[Discuss] New Blog Post Up!

Ben Gray ben at phenoptix.com
Thu May 22 18:13:43 UTC 2014


Just on Matt's last point of politeness and social norms. In my experience
of open hardware these simply offer a way to close an object reported to be
open.

Two of the three times I've asked permission to use an open project I've
been told I'd rather you didn't and just purchased instead. Therefore by my
politeness I've negated all benefit from said open projects, giving the
author a further chance to close the project via the back door so to speak.

Ben Gray
www.phenoptix.com
google.com/+Phenoptix
Via Mobile
On 22 May 2014 19:05, "Matt Maier" <blueback09 at gmail.com> wrote:

> Maybe I wasn't clear. What I meant was that the only area of law, other
> than contracts, which can regulate the practical physical artifact is
> patent law. Anything tangible which is useful, rather than just pretty,
> which is the area open source hardware is primarily interested in, is
> covered by patents or contracts.
>
> Contracts aren't attractive because they only apply between the two
> parties which entered into them.
>
> That leaves patents, which aren't relevant because they are so expensive
> and so specific.
>
> Open source hardware needs an area of law which allows for the same kind
> of cheap and broad coverage of copyright. But there's nothing we can "hack"
> to get that coverage (like copyleft) and there's nothing on the horizon.
>
> So I don't think legal discussions are going to find any traction on the
> hardware side of open source hardware. The software side is already well
> served by FLOSS licenses and the plans/instructions side is already covered
> by CC (apparently it has three sides).
>
> That only leaves the nebulous idea of politeness and cultural norms to
> enforce any kind of restraint on how to handle the hardware.
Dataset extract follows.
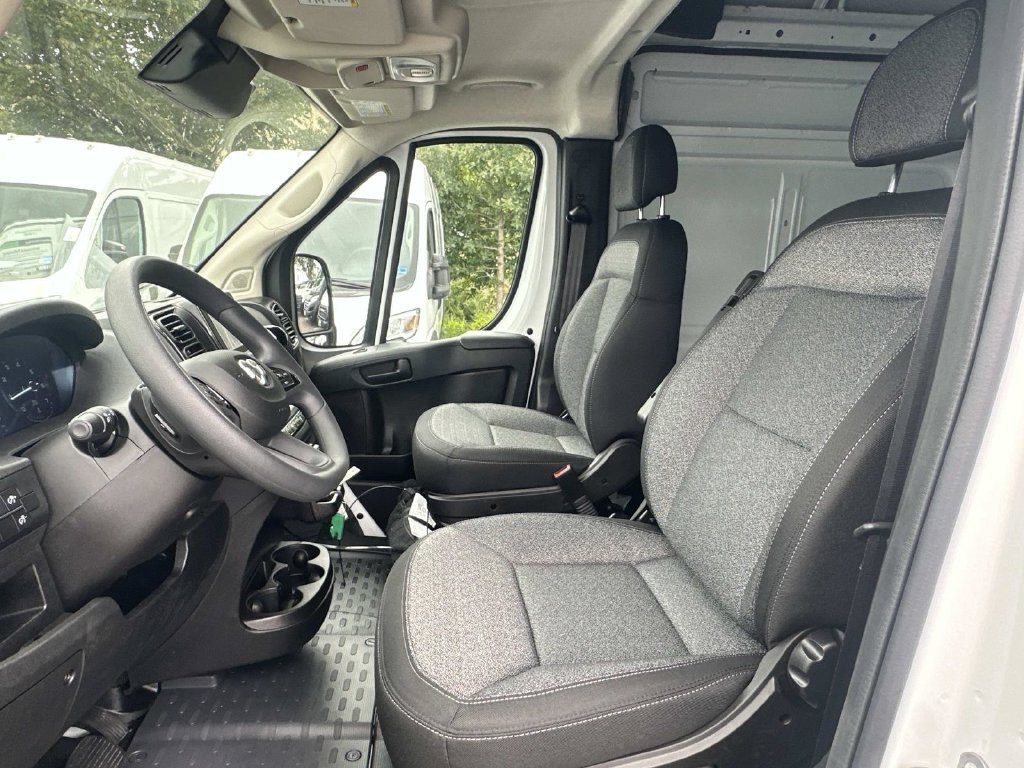 New 2026 RAM ProMaster 2500 w/ Convenience Group FWD image 16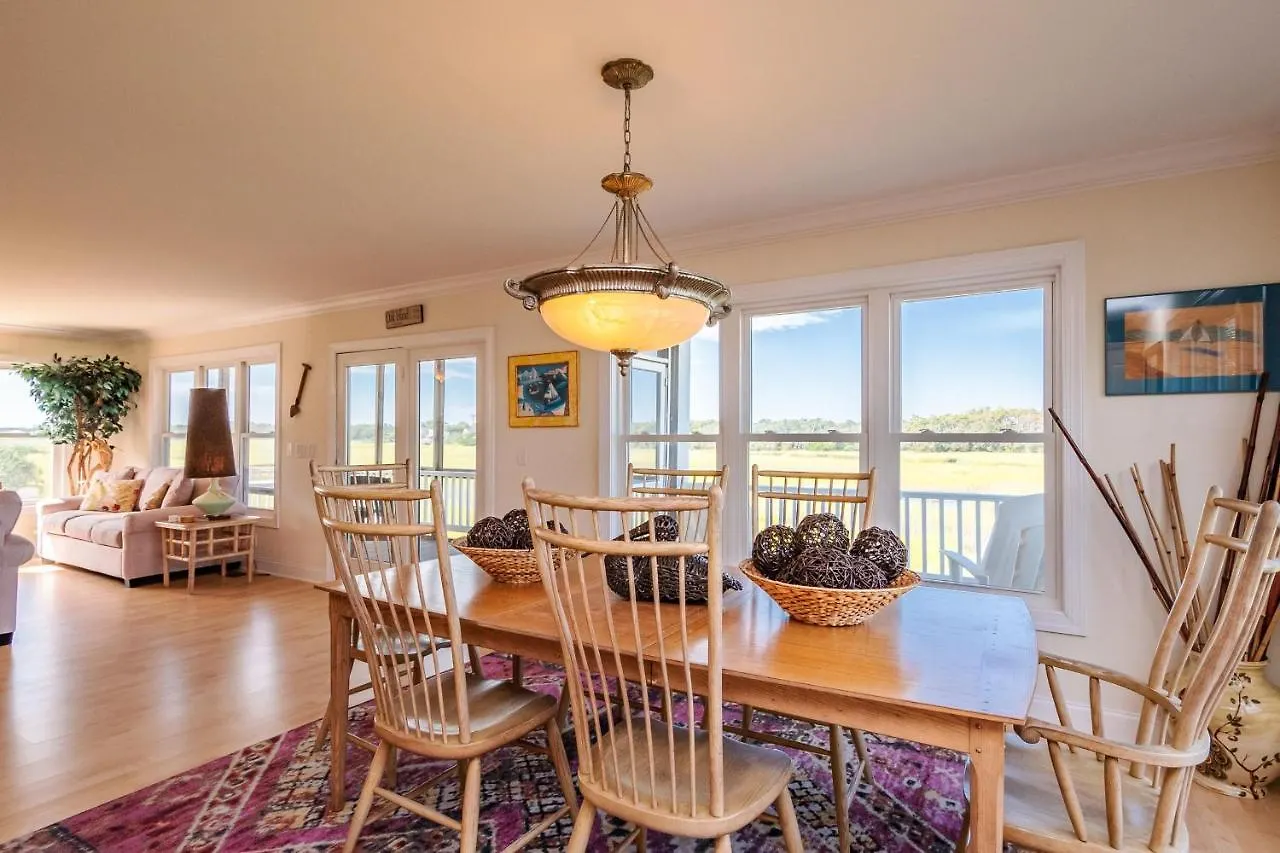 Holiday home Coastal Living By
At least,
> that's how I frame the situation.
> On Thu, May 22, 2014 at 11:56 AM, Jeffrey Warren <jeff at publiclab.org>wrote:
>
>>  >  the hardware itself can only be covered by patents
>>
>> I think i have to disagree -- i think many people think a bit too
>> narrowly about what "hardware" is -- lots of things aren't patentable, or
>> the patents have expired, and we may still be interested in a share-alike
>> provision (where possible) and/or in the collaborative, open source
>> development model. We can't ignore patents where they are applicable, but
>> hardware is not exactly the same thing as patentability.